Monte Carlo Simulations: for-loop vs. purrr::map()

Usually, I would use a simple for-loop to run small Monte Carlo simulations. For me, it is the most intuitive way. One can virtually see what happens in each iteration and how the results are produced. However, the students I am teaching (mostly economics and business with only a little to no programming knowledge) struggle to get it right.

I am wondering if it would be beneficial to switch to a functional approach, e.g. using the base R apply family of functions or the functions provided by the purrr package which I will use here.

A very simple simulation, but with the same structure as more complicated ones, might look like this:

# Placeholder for results
result1.1 <- numeric(1000)

# Monte Carlo simulation
set.seed(1)
for(i in 1:1000){
  x <- rnorm(10)                # data simulation 
  sample_mean  <- mean(x)       # statistical computations 
  result1.1[i] <- sample_mean   # saving the results 
}

The same can be done more neatly using purrr::map_dbl().

library(purrr)

sim_mean <- function(i){
    x <- rnorm(10)
    mean(x)                        
} 

set.seed(1)
result1.2 <- map_dbl(1:1000, sim_mean)

As you can see, the results are the same.

all(result1.1 == result1.2)

## [1] TRUE

The advantage of the latter approach is, in my opinion, the more modular structure which makes debugging easier. You write a function that does everything that should be done by a single iteration. If this is working, it can be replicated using one of the purrr:map_*() functions. That is the way I try to explain how to set up a for-loop to beginners. Make the body of the loop work and then build the rest around it. This advice, however, is often not considered but would be enforced by the functional approach.
Furthermore, there is no need for setting up placeholders for the results and no worrying about indices, which is also a source of trouble. Forgetting the [i] in result[i] <- ... is one of the most popular mistakes I encounter.

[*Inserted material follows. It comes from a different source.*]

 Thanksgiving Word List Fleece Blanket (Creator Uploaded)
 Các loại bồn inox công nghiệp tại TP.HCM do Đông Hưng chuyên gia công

I think in this example the disadvantages of using purrr:map() from a syntactical point are minor. There is the additional need to write a function and the choice of the return type (because it is a double we use purrr:map_dbl()).

When conducting a simulation study we also want to be able to run it for different parameter values to find out how well e.g. a statistical test works under different circumstances. Let’s do the simulation for different values for the sample size n and standard deviation sd.

With expand.grid() all combinations of the considered parameter values are generated. For each set of parameters we want to run the simulation.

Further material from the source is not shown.